[Data for this exercise — start]

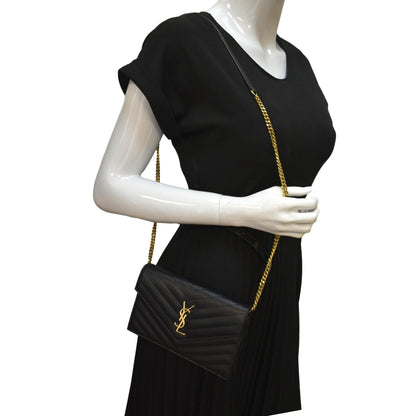 YVES SAINT LAURENT Wallet on Chain Leather Shoulder Bag Black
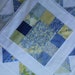 Blue and yellow squares table topper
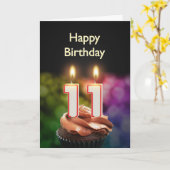 Carte du 11e anniversaire avec bougies (Fleur jaune)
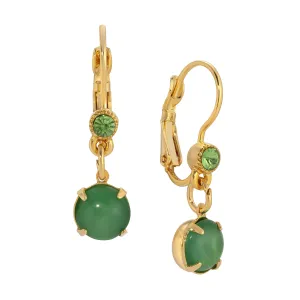1928 Jewelry Peridot Crystal and Green Round Moonstone Drop Earrings 1928 Jewelry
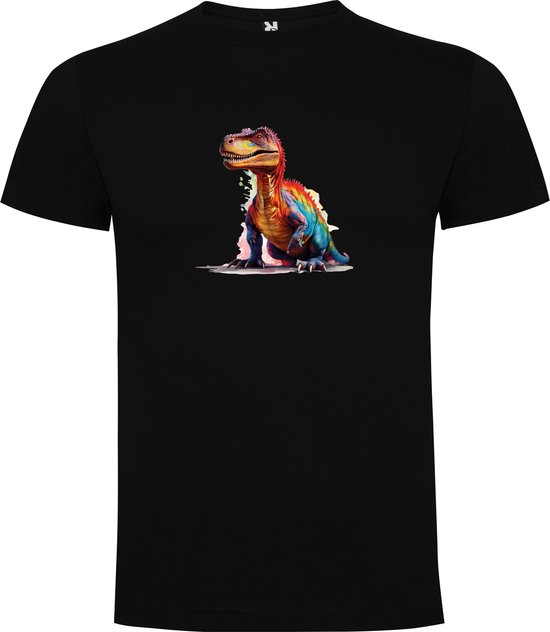 Zwart T-Shirt met T-Rex Print XL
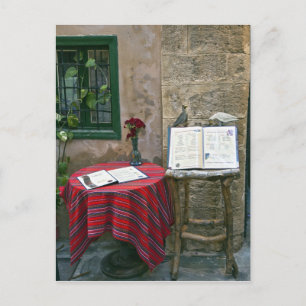 Sidewalk cafe, Chania, Crete, Greece Postcard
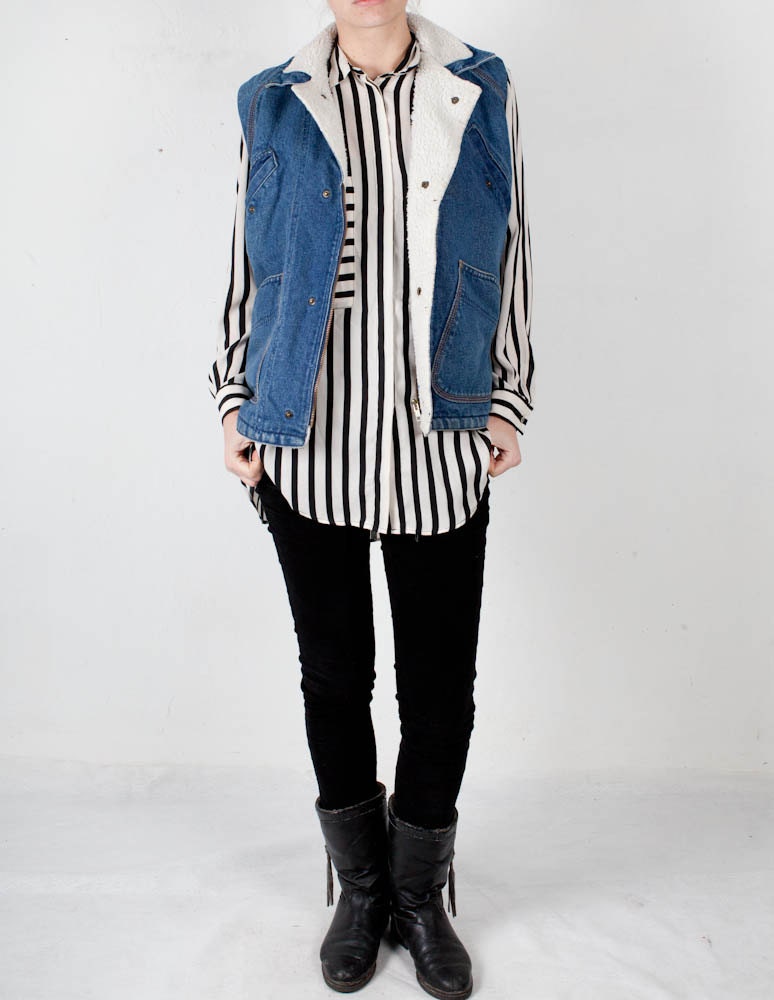 Vintage denim warm vest size small / medium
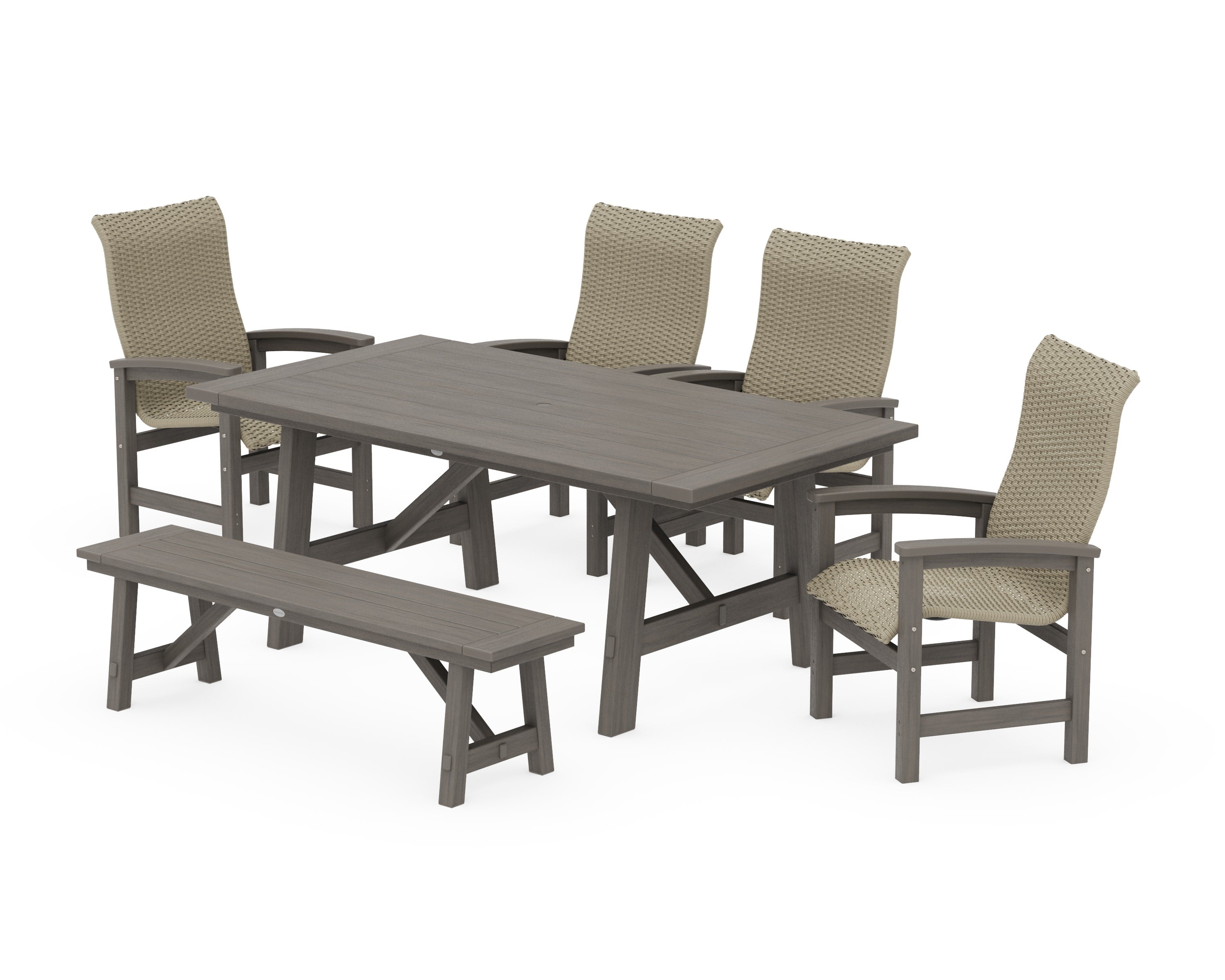 Coastal Woven High-Back 6-Piece Rustic Farmhouse Dining Set with Bench in Driftwood / Dune Grass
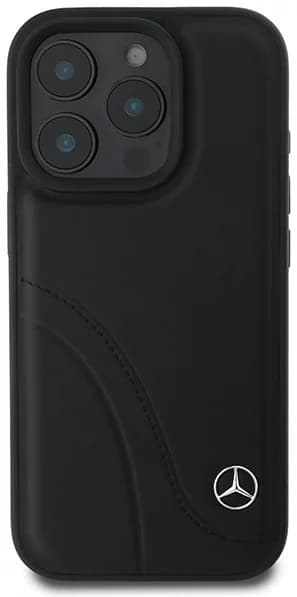 Mercedes iPhone 16 Pro Max Mobilskal MB Curved Stitches - Svart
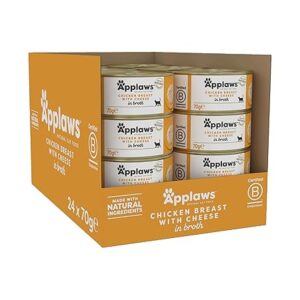 Applaws 100% Natural Wet Cat Food Chicken with Cheese 70g (Pack of 24)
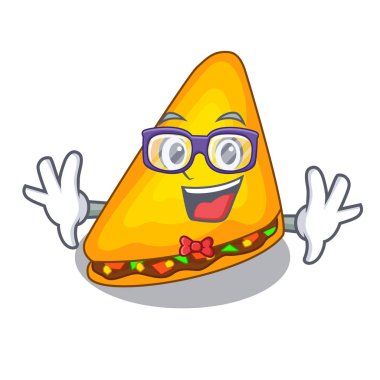 Geek Meksika quesadilla film bir karakter vektör çizim ile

[Data for this exercise — finish]

Give back the lines from the one containing "Applaws 100% Natural" through the last line of the records above exactly as they appear, both included, and no pictures.

Answer to this problem
 Applaws 100% Natural Wet Cat Food Chicken with Cheese 70g (Pack of 24)
 Geek Meksika quesadilla film bir karakter vektör çizim ile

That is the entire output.